Trying to cope with data overload

As data grows we need better relationship with software

First you can handle things. You don’t get that much email. But as the emails increases the obvious response is the categorize them into folders. Most email programs have folders. This works fine for awhile and you can now see all your emails about a specific subject in a single folder. Then the folders get out of control and you can’t find anything anymore. Then comes the search. Gmail took the search approach. Don’t use folders, just search. Eventually even the search gets out of control, and the results are not useful. Then personalization and behavioral techniques come into play. The only way to cope with data overload is to get some intelligence into the software we use, some sort of an intimate relationship.

One example of this is what Google did with gmail: priority email. The priority email is an attempt to cope with increasing load of email. By learning from your behavior, gmail learns what emails you find most useful. Things that you just delete and never respond to, must be less important than items you respond to. This is some sort of  a reverse spam filtering, a widely know and used technology.

This step in the evolution of email is very similar to the general response of information overload. When the web was beginning you could pretty much have good overview of  important web pages. As new pages came along it became increasingly difficult to keep up with what was available. Yahoo! was an answer to that. Categorization of web pages into directories, very similar as email folders. But the Yahoo! became cluttered and complicated. So search became important with Altavista and other early engines. Google became popular by applying some general ranking to search results making the important things appear first. As search increases, personalized and behavioral search becomes important.

Google has already implemented some logic to searchers. When a colleague of mine at work was trying different searches for his SEO work, he found an article by myself popped up on first page. I was of course pleased to hear this, happy to become an important figure in the world of technology. However, when he repeated the search in another country, my brilliant input was nowhere to be found.

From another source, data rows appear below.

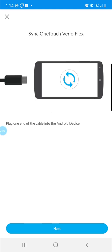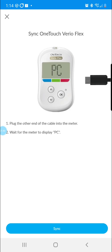Using the cable, you're going to plug one end of the cable into your Android device and then the other end of the cable you'll plug into your meter. You'll want to wait for your meter to display PC and then you will sync at the bottom of the screen.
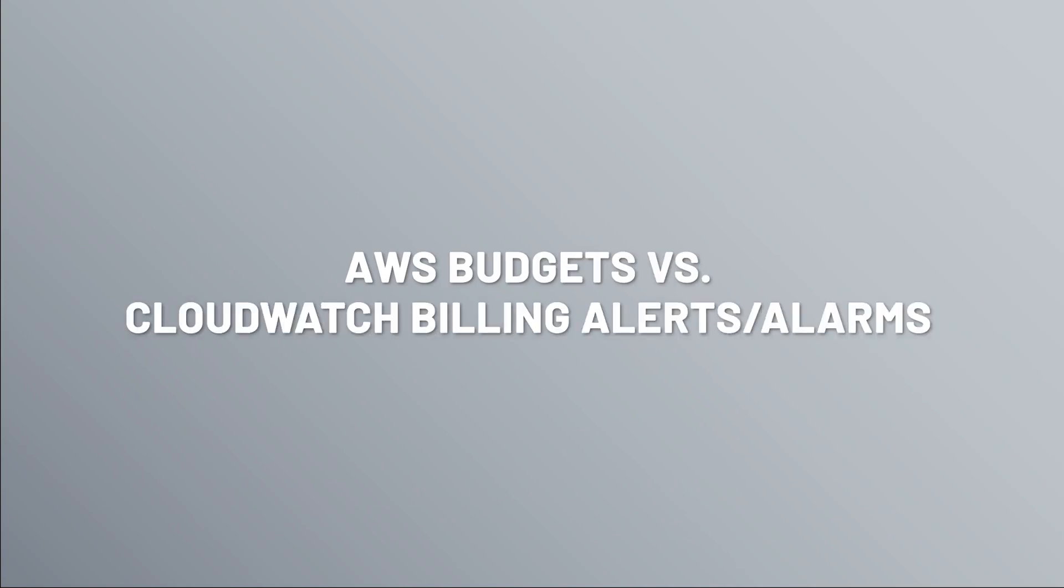Enough talking for me, let me hand it over to Amber to get you guys started. Once your application is out there and you're using various AWS services, how do you monitor your spend? There's two services we'll talk about here: AWS Budgets and CloudWatch Billing Alerts.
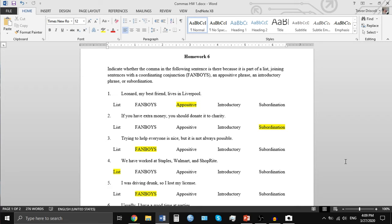'Trying to help everyone is nice, but it is not always possible.' This is an example of FANBOYS because we have two complete sentences connected together by a coordinating conjunction — 'but' — and a comma. The two complete sentences are 'trying to help everyone is nice' and 'it is not always possible.'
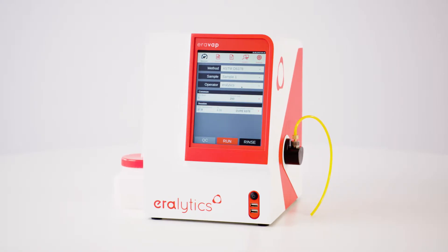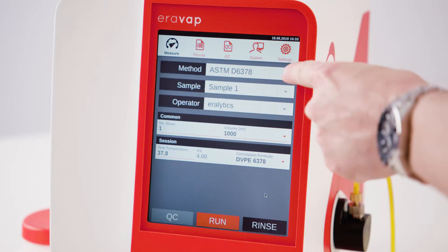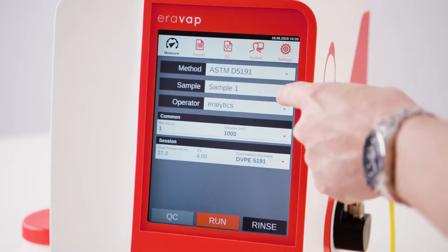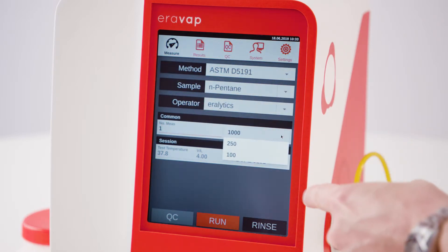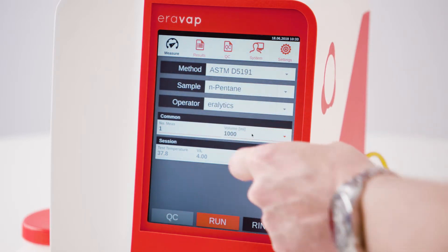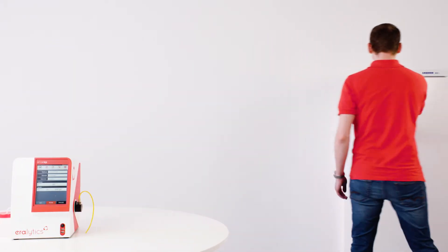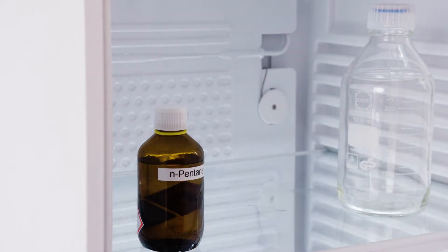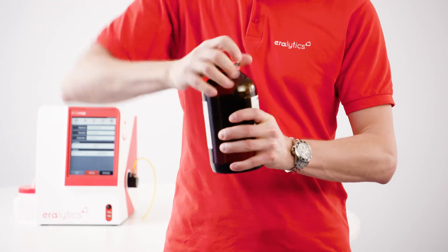Measurement. The intuitive user interface guides you through the measurement. Select a method from the dropdown list and enter a sample ID and operator. If required, adjust optional measurement parameters. Some methods, like ASTM D5191, may require sample preparation — prepare the sample according to the selected standard.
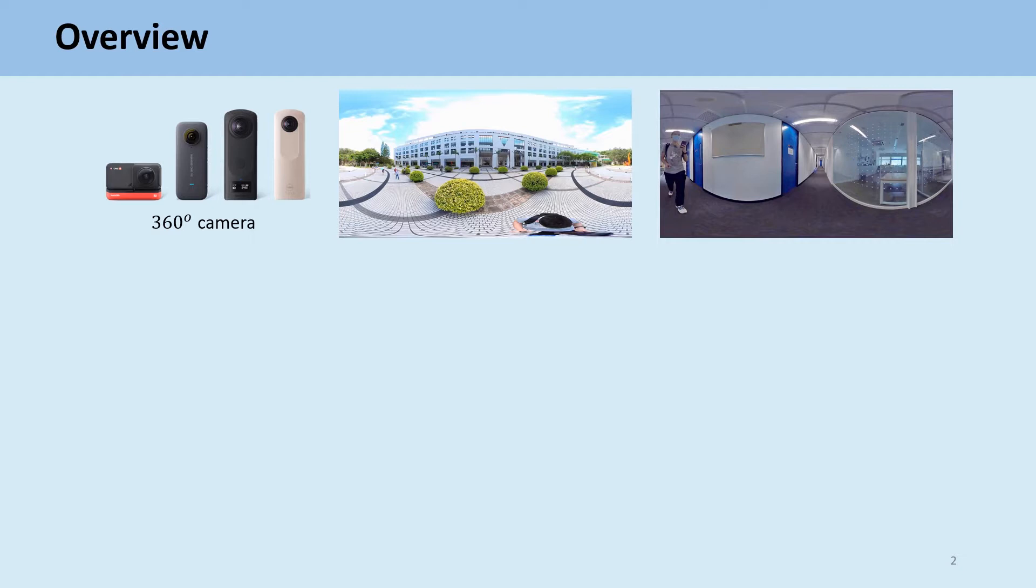Consequently, commercial products are becoming more and more popular and accessible, such as Insta360, Ricoh, Theta, and etc.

Either Google is very unstable and changes quickly or the fact that being in another country has some relevance. Whatever the logic used, it is clear that search companies must try to find intelligent ways to rank results. And the obvious result is to have the search engine develop an understanding of the user.

Communication is a killer business and always has been. As data increases, technology innovations that solve the overload will emerge. Data analysis software will become real-time, trying to interpret messages and their relevance. Using simple statistics is not enough, the intelligence has to learn the behavior of the user. We are seeing the rise of user – software relationships.